Kiefer, a native of Hempstead, N.Y., was one of seven firefighters from Ladder Co. 132 and the nearby Engine Co. 280 who died in the Sept. 11, 2001, attacks on the World Trade Center in New York City.

The flag Keifer presented was among some 3,000 displayed at this year's Fourth of July Healing Field memorial at Antietam National Battlefield near Sharpsburg. Each flag contained the name of a person who died in the 9/11 attacks, and Keifer purchased the flag bearing Mike Kiefer's name.

Keifer, 53, learned of the man with the name similar to his last year when he saw it listed among the 9/11 victims in the book "Last Man Down: A New York City Fire Chief and the Collapse of the World Trade Center."

"It's been an amazing chain of events since I read the book.
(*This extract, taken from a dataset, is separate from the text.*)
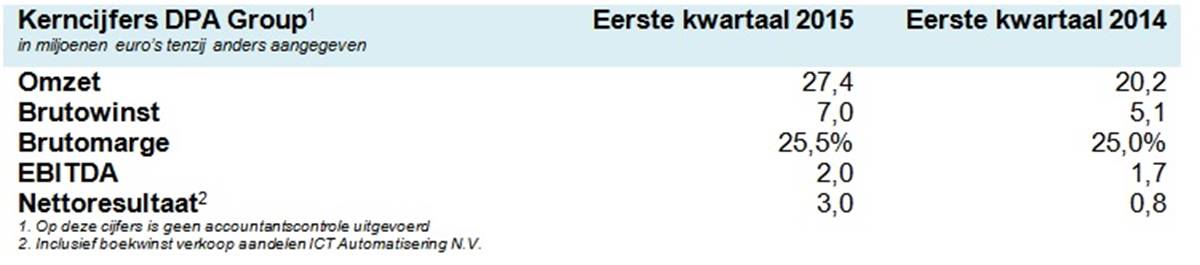 Kerncijfers DPA Group eerste kwartaal 2014 en 2015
I feel like I was picked to perform a task," he said. "It's eerie and hard to explain."

Since finding Kiefer's name in the book, Keifer discovered several coincidences in his life and the life of the New York firefighter. For instance, they have family members with identical or similar names and Keifer works at the National Fallen Firefighters Memorial in Emmitsburg, Md., where Kiefer's name is displayed on a 9/11 plaque.

Keifer said he started to cry when he saw Ladder Co. 132's duty board listing the names of firefighters scheduled to work on Sept. 11, 2001. The board is now part of a 9/11 memorial display at the fire company.

"My knees buckled and I said, 'Oh my God, they misspelled his name and spelled mine,'" he said.

Another poignant moment came when he was introduced to Kiefer's mother Pat. The two were so overwhelmed, he said, they never spoke a word.

"She hugged me like I was her deceased son coming back to life," Keifer said. "And I hugged her like she was my deceased mother."

Another coincidence: Mike Keifer's father is named Pat.

After saying goodbye in what was a teary departure, Mike Keifer said he felt like he fulfilled his mission to take the other Mike's flag home to rest in peace with his parents.